Il ritmo generale è altalenante. Nonostante la durata contenuta (appena sotto i 90 minuti), il film fatica a mantenere la tensione, spezzata da scene di dialogo poco incisive e transizioni narrative che sembrano uscite da un montaggio ancora in bozza. Quando però l’azione parte, con le uccisioni splatter e le trovate sceniche al limite del kitsch, il divertimento è assicurato. Anche se – diciamolo – l’inventiva nei “kill” non raggiunge mai i picchi di ironia sadica del secondo film della trilogia originale.
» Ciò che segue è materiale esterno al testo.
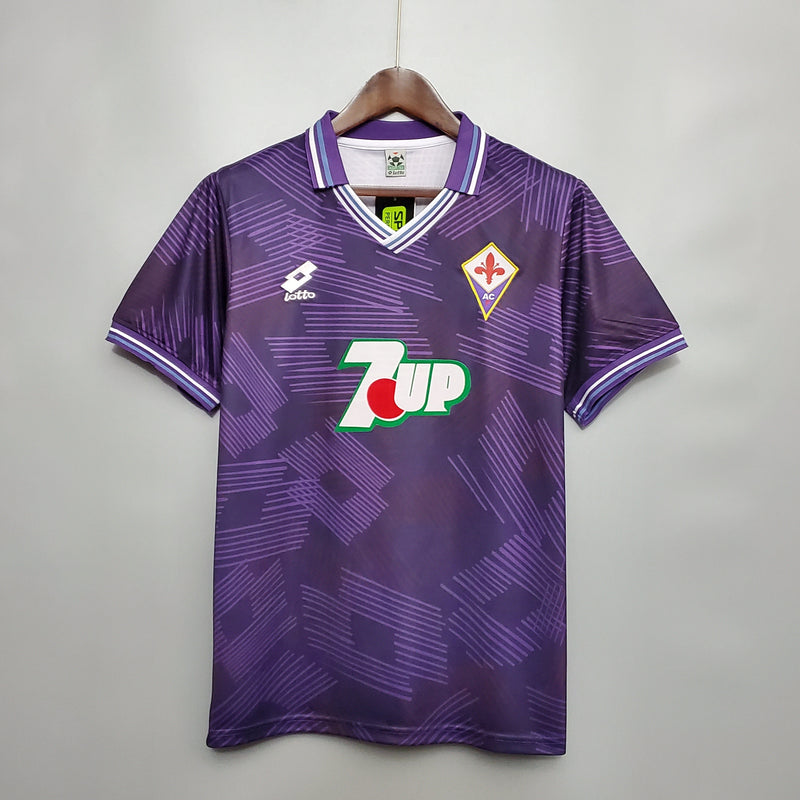 CAMISOLA FIORENTINA I 92/93 homem (RETRO)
E allora? Fear Street: Prom Queen è un film da vedere? Dipende da cosa cercate. Se volete un horror compatto, infarcito di atmosfere vintage, sangue scenografico e rivalità da liceo portate all’estremo, allora sì, è un buon modo per passare una serata con luci spente e popcorn a portata di mano. Ma se siete fan duri e puri di Fear Street, e magari avete ancora i brividi pensando alla maledizione della famiglia Goode, potreste percepire questo ritorno a Shadyside come un passo indietro. Più che un reboot rivoluzionario, sembra un omaggio affettuoso, ma un po’ superficiale.

Il retrogusto che lascia è quello di un film che avrebbe potuto osare di più. A mancare, forse, è la mano femminile e visionaria che aveva reso potente la trilogia precedente. La regia di Palmer è precisa, ma non lascia impronte memorabili. E la scrittura, pur ammiccando ai fan con riferimenti e stilemi del genere, non riesce a costruire una vera empatia con i personaggi. L’ultimo atto, seppur carico di sangue e grida, si chiude con una prevedibilità che non scuote davvero.

Ma hey, non tutto è da buttare. L’estetica funziona, la colonna sonora è un piacere colpevole e alcune sequenze hanno quella tensione tipica da “coperta tirata fino agli occhi”. Per molti fan del genere, può bastare.